═══ AVAILABLE RECORDS ═══

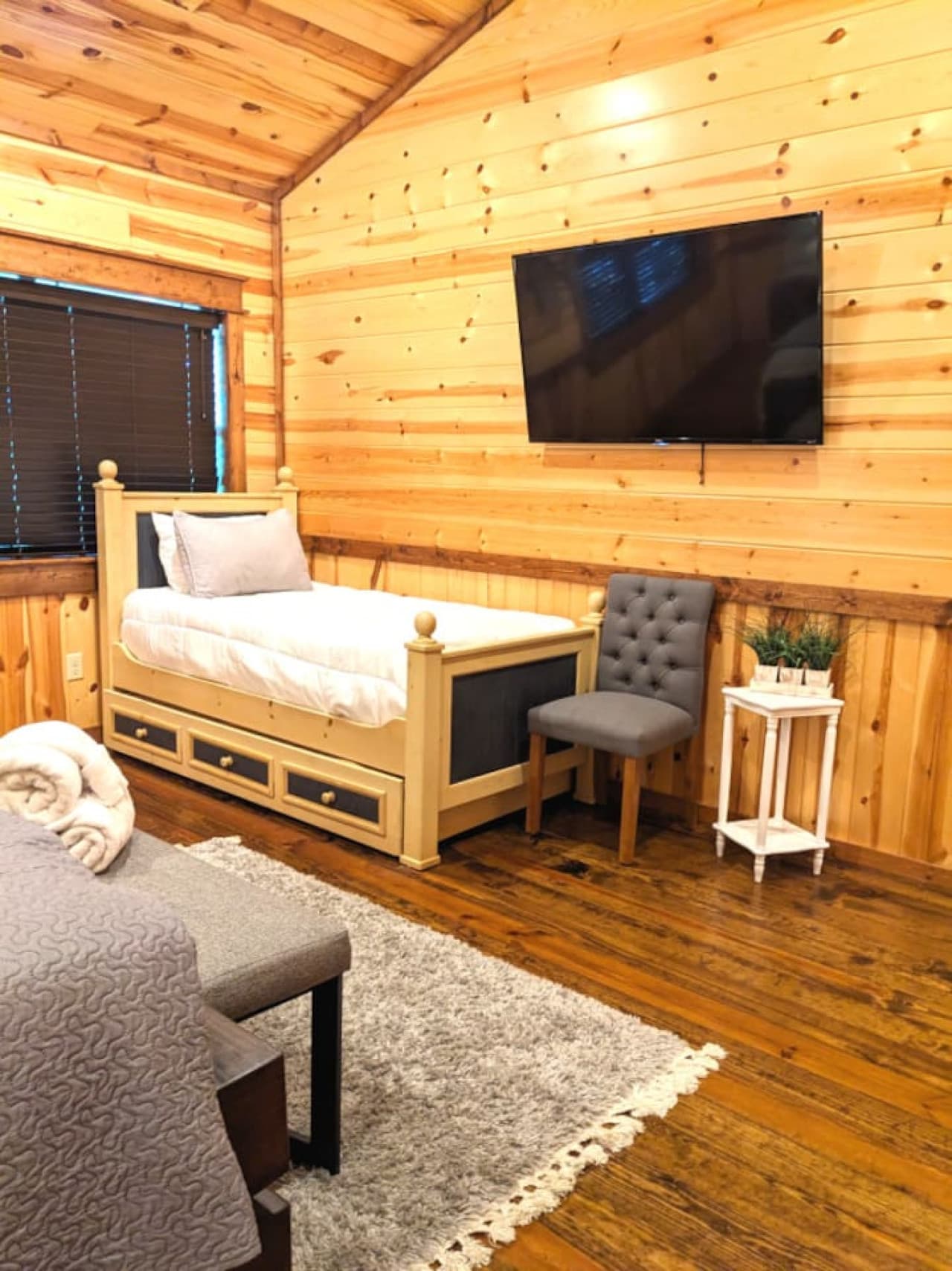 Upstairs King Suite
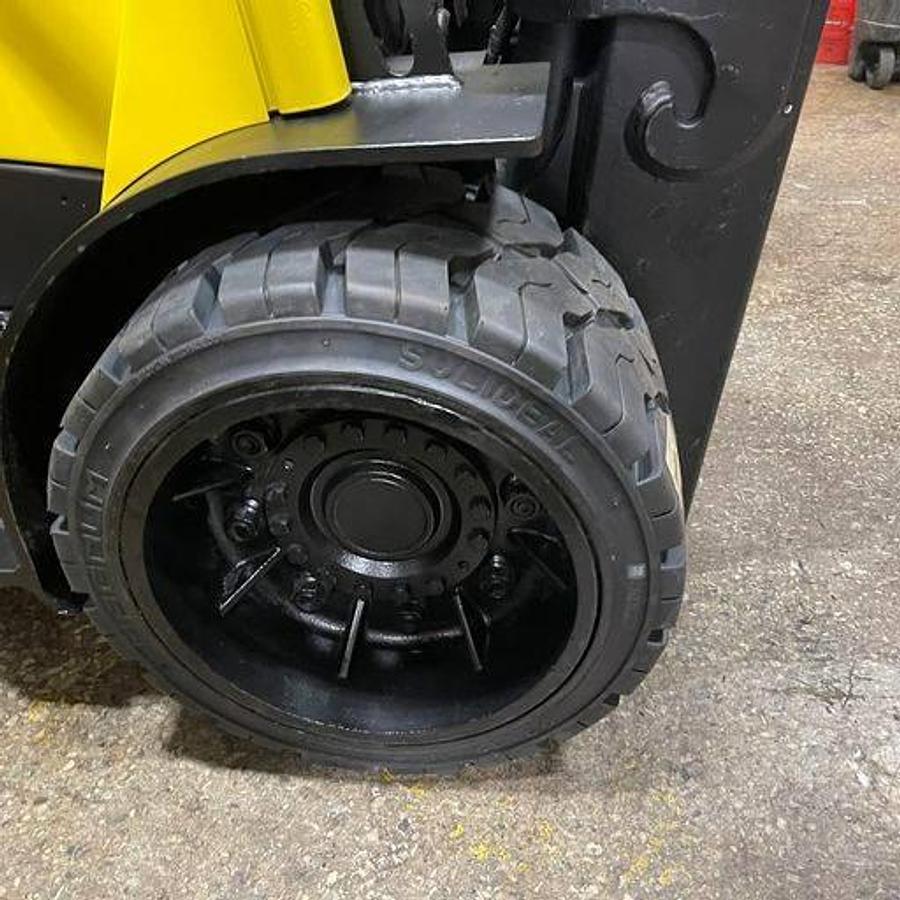 Hyster S120FTPRS – black traction cushion tire – drive-side front wheel – CSA indoor propane forklift – Brampton ON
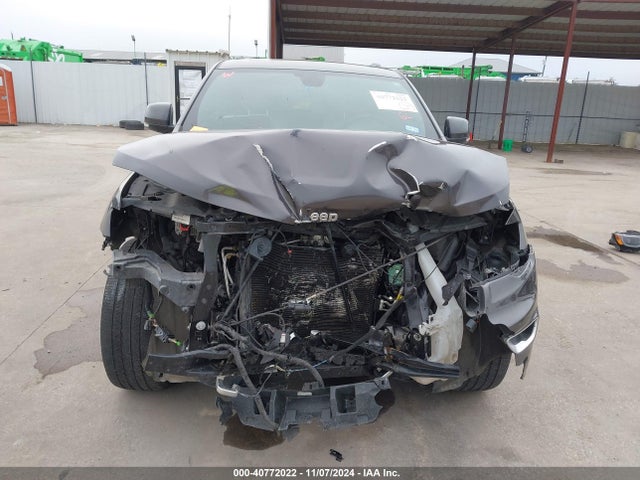 1C4RJFBG8JC136474 Jeep Grand Cherokee Sterling Edition 4x4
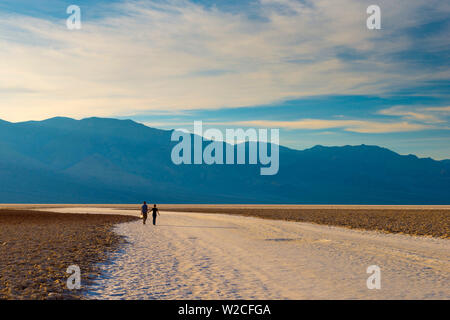 USA, Kalifornien, Death Valley National Park, Badwater Basin, niedrigster Punkt in Nordamerika Stockfoto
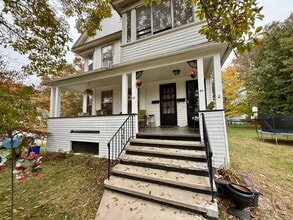 Building Photo - 43 Concord St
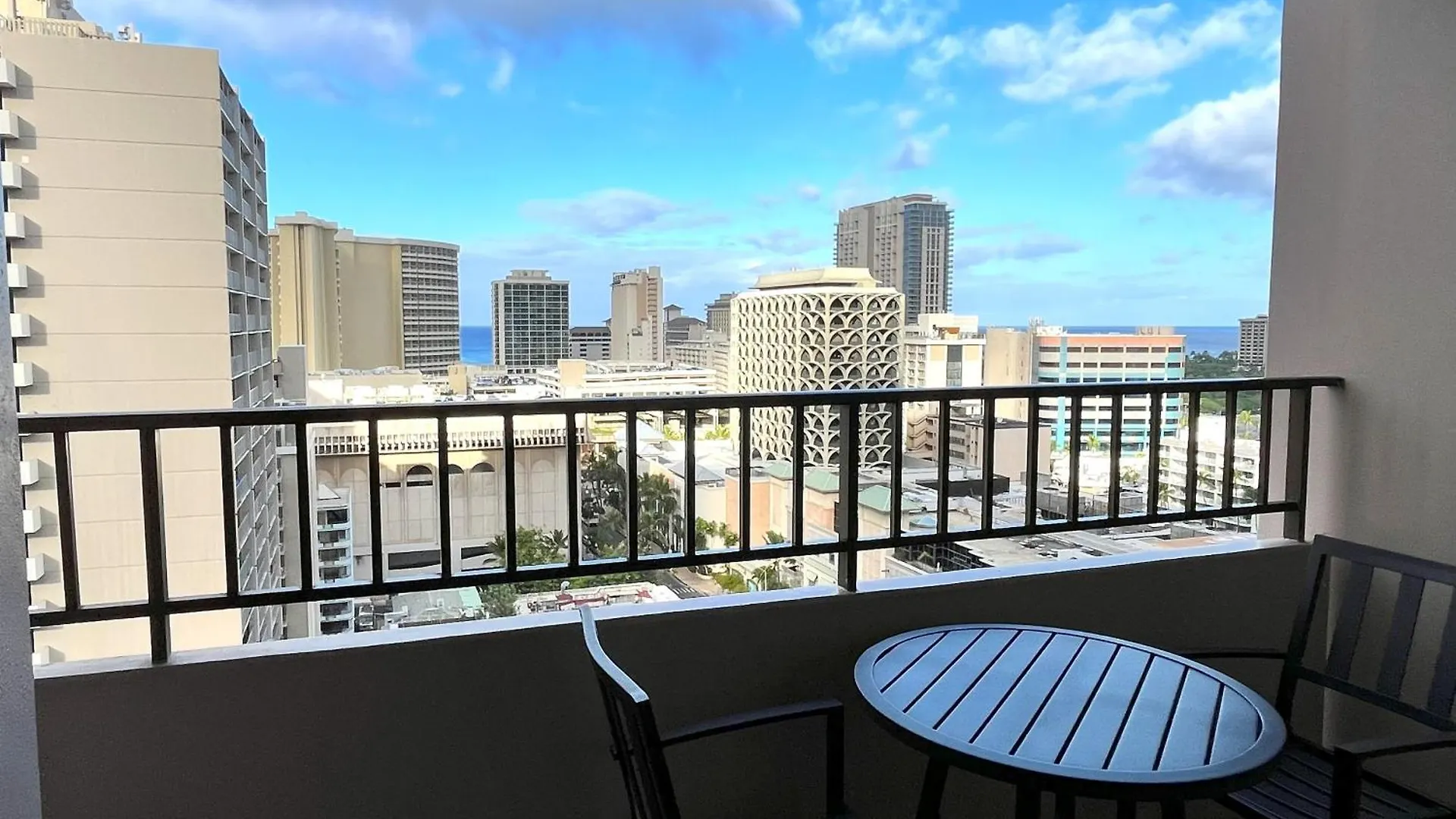 Royal Kuhio 1712 - Spacious Corner Unit With Stunning Ocean City Views In The Heart Of Waikiki! Honolulu Feriehus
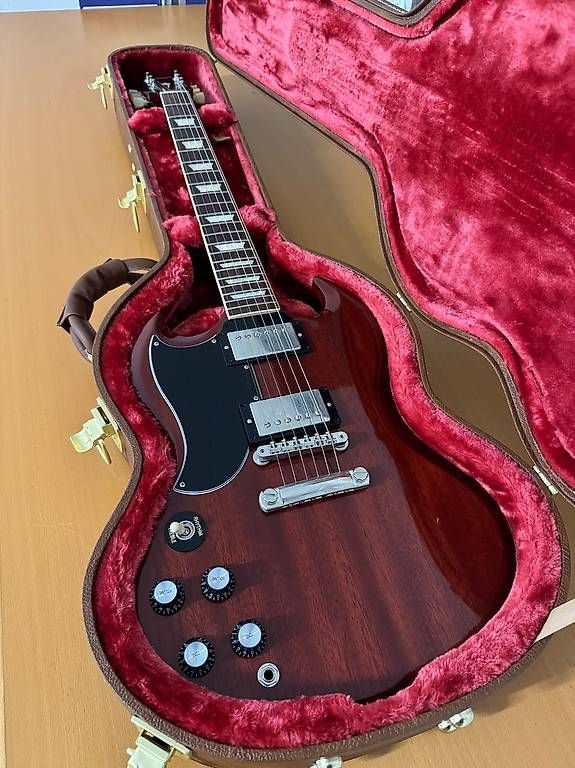 Gibson Strumenti musicali: Gibson SG Standard 61 Lefthand – Usato da Henggart venduto da M.Hottiger 2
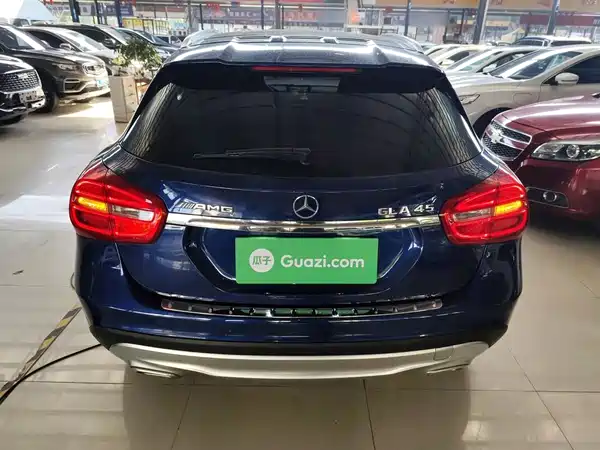 Mercedes-Benz GLA 2016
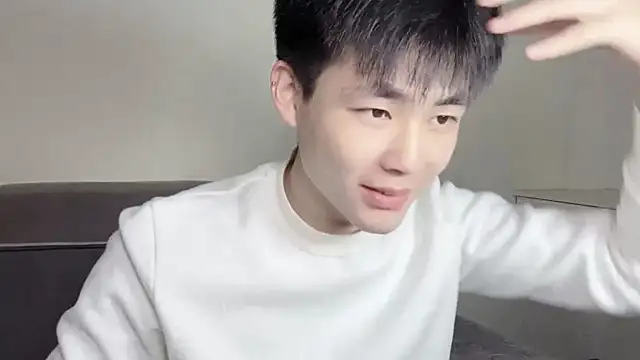 Snapshot of xiaoyang5200 chatting on October 30, 2025, 2:36 pm xiaoyang5200 online show from October 30, 2025, 2:36 pm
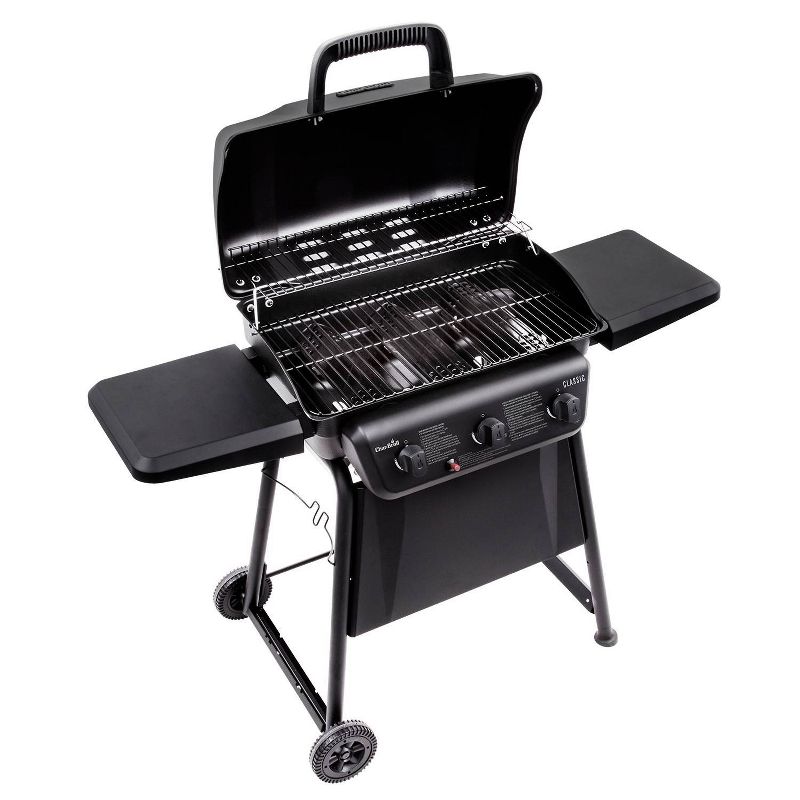 Char-Broil Classic 3-Burner 30,000 BTU Gas Grill 463773717 - Black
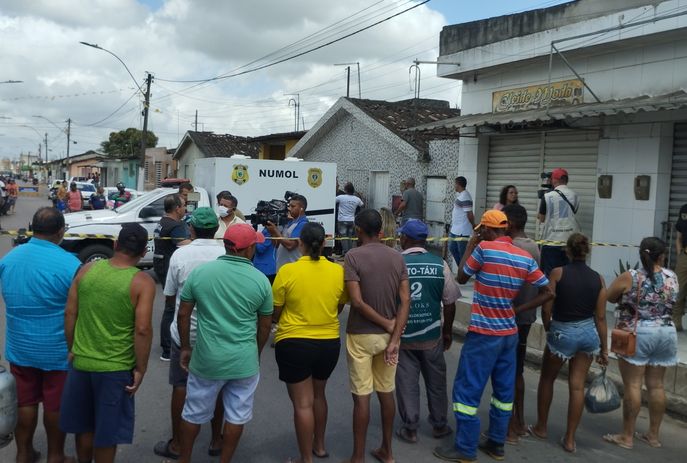 csm_POPULACAO_OBSERVA_TRABALHO_DA_POLICIA_f3d03ca6a8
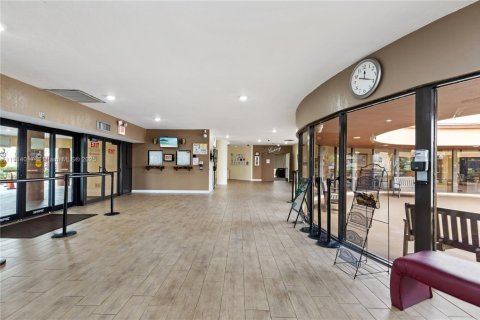 Condo in Sunrise, Florida, 2 bedrooms  № 1968537 - photo 21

═══

PROMPT
With pictures excluded, restate word for word the lines from the one that contains "Char-Broil Classic 3-Burner" through the end of the material, inclusive, and nothing more.

RESPONSE AREA
 Char-Broil Classic 3-Burner 30,000 BTU Gas Grill 463773717 - Black
 csm_POPULACAO_OBSERVA_TRABALHO_DA_POLICIA_f3d03ca6a8
 Condo in Sunrise, Florida, 2 bedrooms  № 1968537 - photo 21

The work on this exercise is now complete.